The best parts of that show were and still are the music video commentaries. The rest of it was just filler, but filler we forgave.
And then Office Space, Judge's Citizen Kane and a film virtually ignored in the mainstream when it was released, became a cult classic and an industry standard. Fifteen years later, it remains the most oft-quoted workplace movie of all time.
I still drop lines about TPS reports, PC Load Letter, and cases of Mondays, not because I'm looking for a cheap joke like I would with an Anchorman quote, but because I know you'll get the message.
And now Silicon Valley, a new Sunday night HBO show aimed directly at the Hollywoodized, overhyped, and preciously insider parts of startup. I wanted to hate this show so much. I put off watching it until the fourth episode, although thanks to the startupish miracle of digital streaming and binge watching, I was able to start from the beginning. Within minutes, I heard this line:
"Yeah, I know what binary is! I memorized the hexadecimal times tables when I was 14 writing machine code, okay? Ask me what 9 times F is! It's fleventy-five!"
And I laughed out loud. Then I was hooked, and my faith in Mike Judge once again paid off.
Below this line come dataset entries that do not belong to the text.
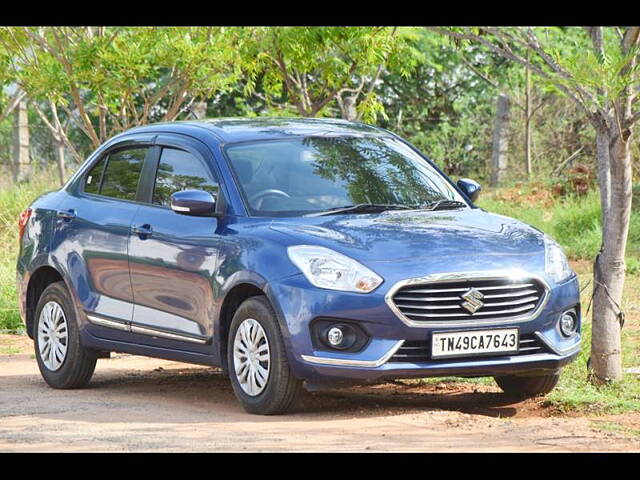 Used Maruti Suzuki Dzire VXi [2020-2023] in Coimbatore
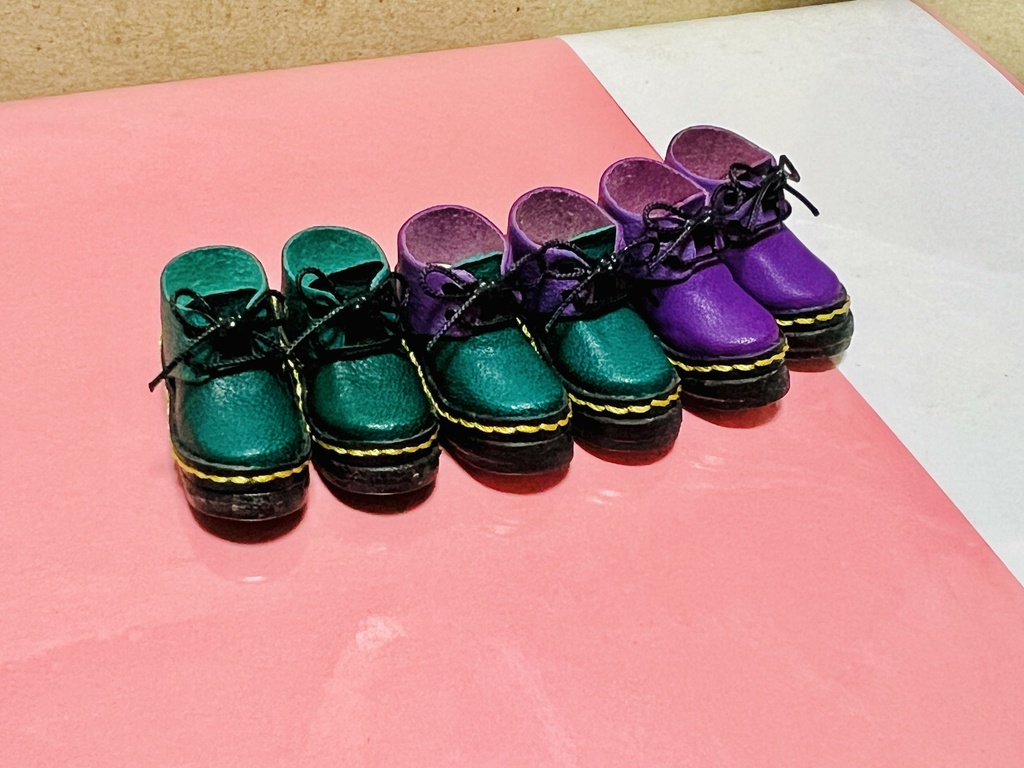 シチリアくん紳士靴、ブーツ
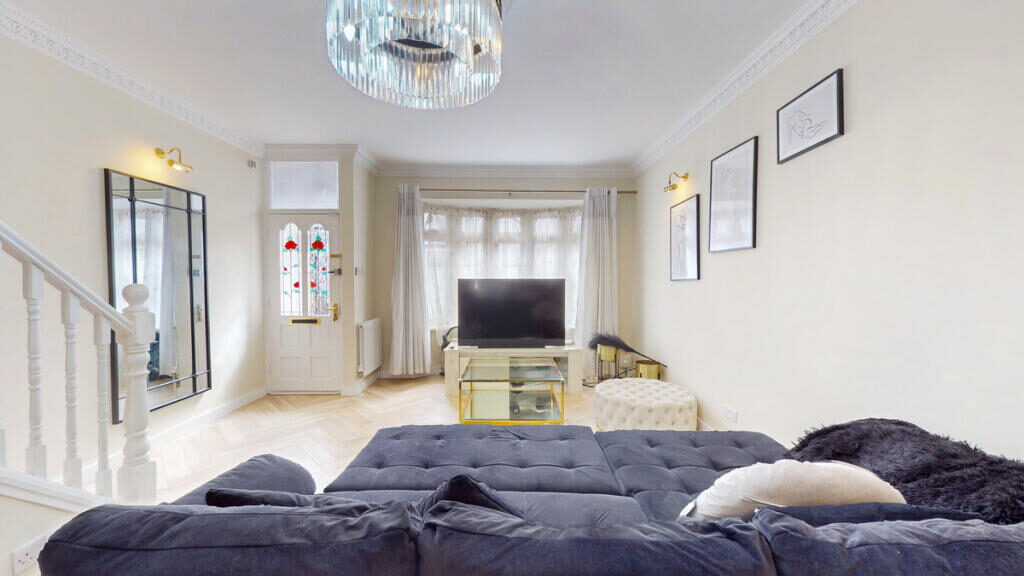 Terraced House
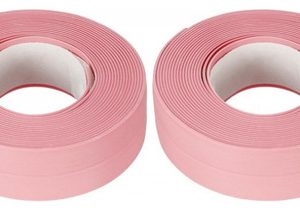 Cinta Selladora Para Humedad Impermeable 2.2cm X 3.2mt Rosa Cinta De Sellado - Impermeable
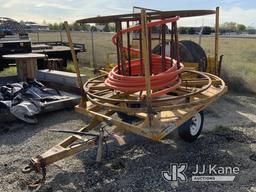 (Pasco, WA) 2000 Homemade Utility Operation Unknown) (Towable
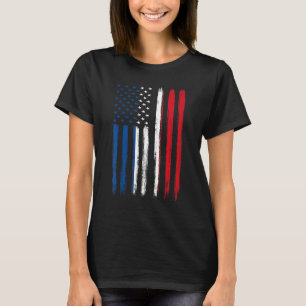 Camiseta Fã de Futebol Bandeira Holandesa Holanda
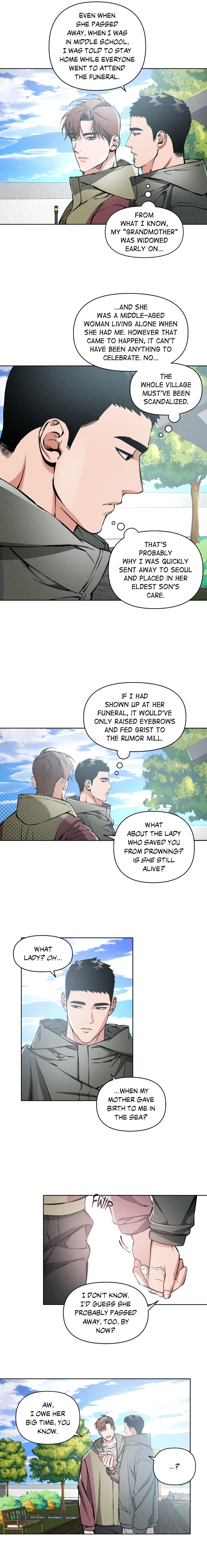 Beware the Ides of March by Stan/ Choi Song – Ch. 103 [Eng] page 7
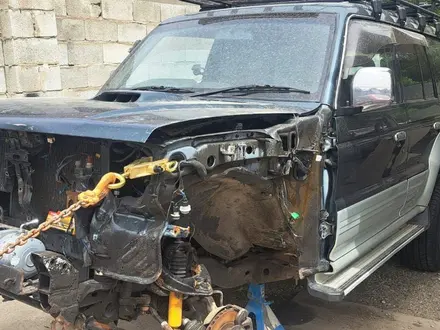 Mitsubishi Pajero 1995 года за 2 400 000 тг. в Алматы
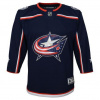 Outerstuff Dětský dres Columbus Blue Jackets NHL Premier Home Veľkosť: S/M Outerstuff Dětský dres Columbus Blue Jackets NHL Premier Home Veľkosť: S/M
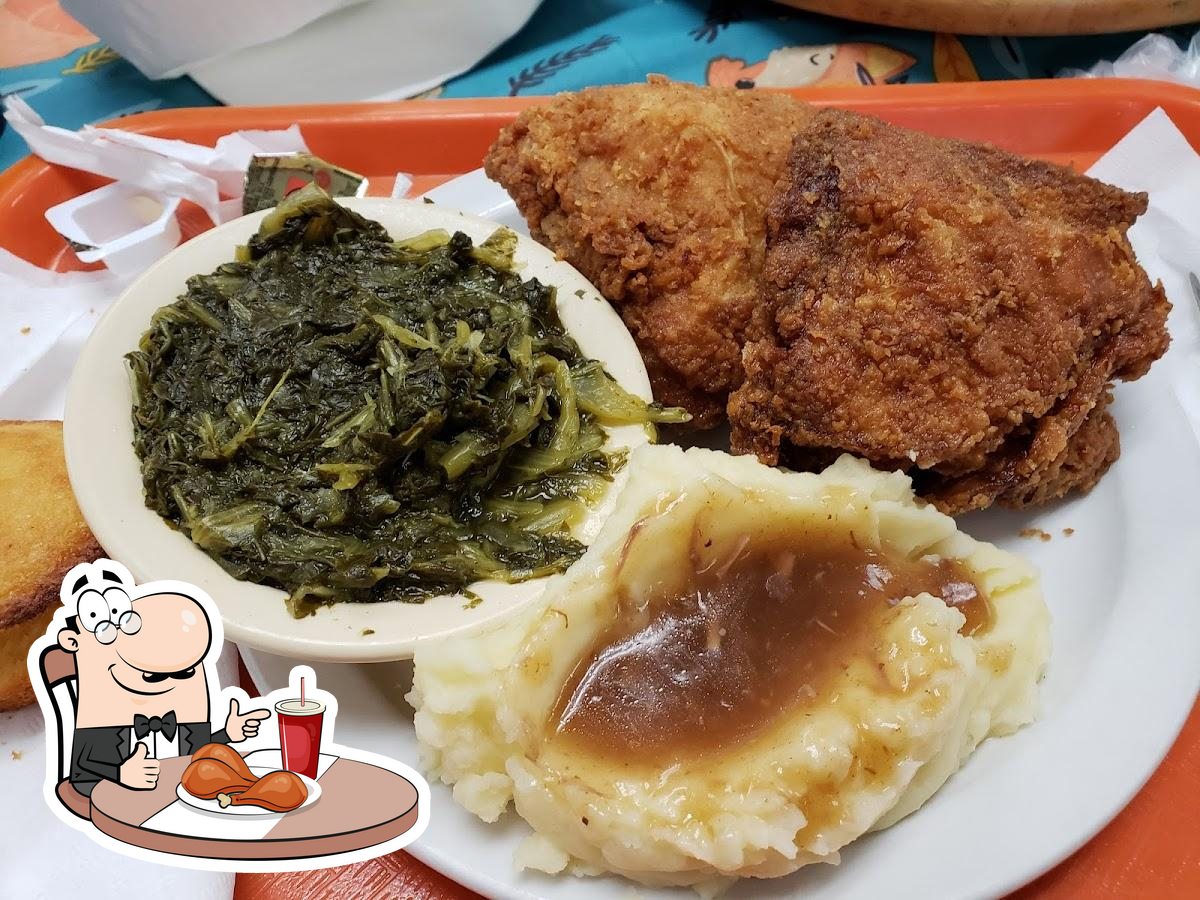 Bucky's Family Restaurant in Columbia Restaurant menu and reviews
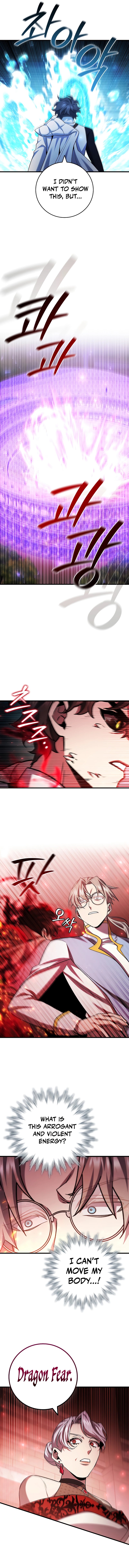 The Mage: Swallowed the Dragon Chapter 58 - page 15
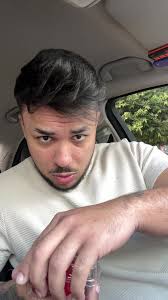 Experimentei o famoso morango do TikTok!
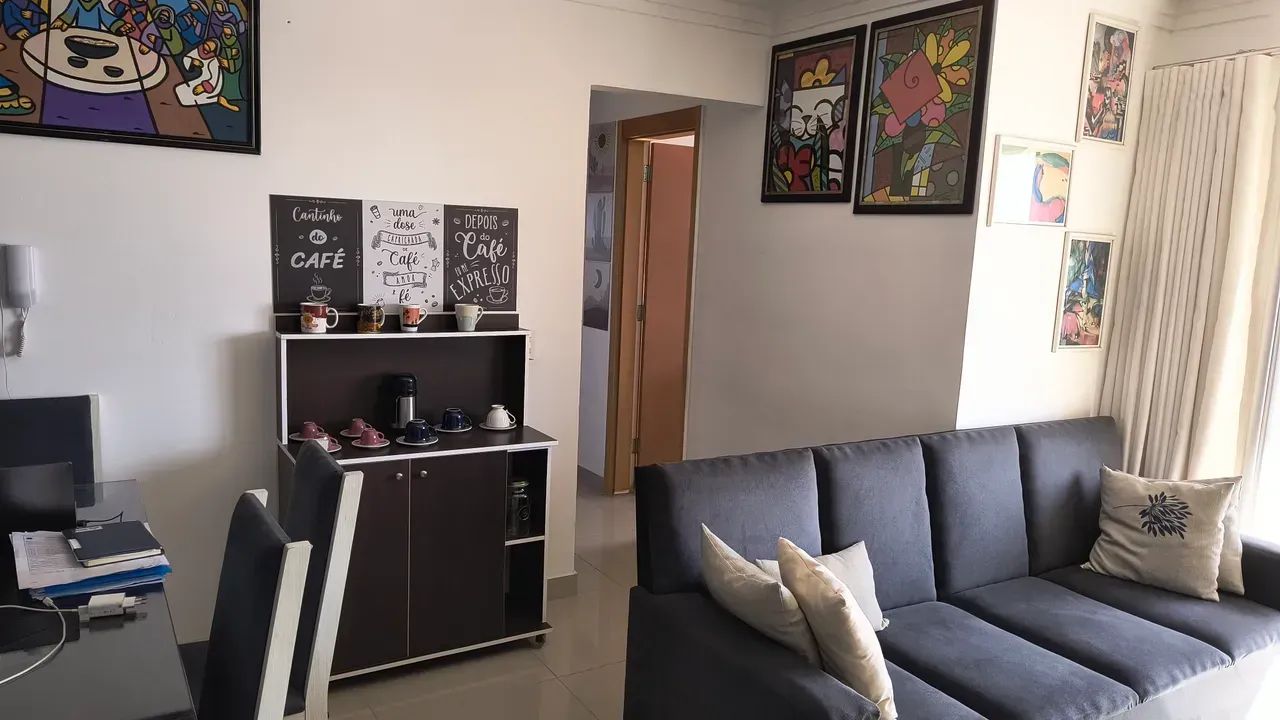 SR Pleno Residencial C/ Mobília 3/4 - Foto 3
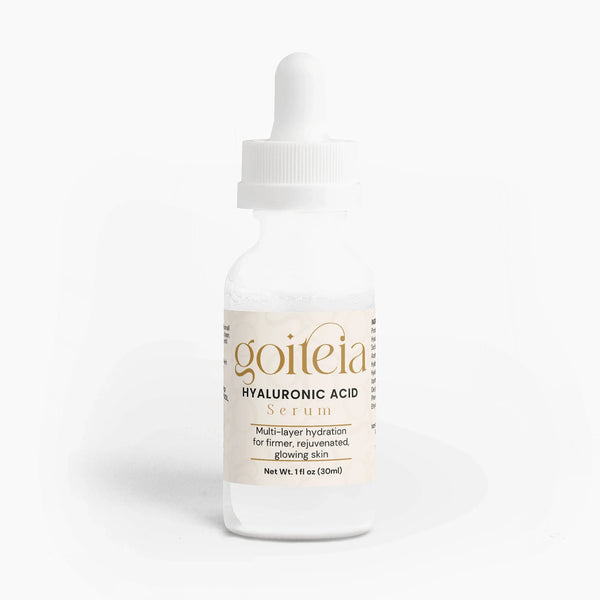 Goiteia Hyaluronic Acid Serum 1 fl oz (30ml) - Tekeno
See, you're not going to hear that kind of joke on Two and Half Men. Or for that matter the Big Bang Theory. Or at least I don't think you would. Truth be told, I'm guessing. I've never watched either show.
My point is that Mike Judge went and made a show for startup people under the guise of a show about startup people. The brilliance of Silicon Valley isn't in how it depicts what startup is really like, because it doesn't. It's a good show because it depicts exactly what everyone who isn't in startup thinks startup is really like.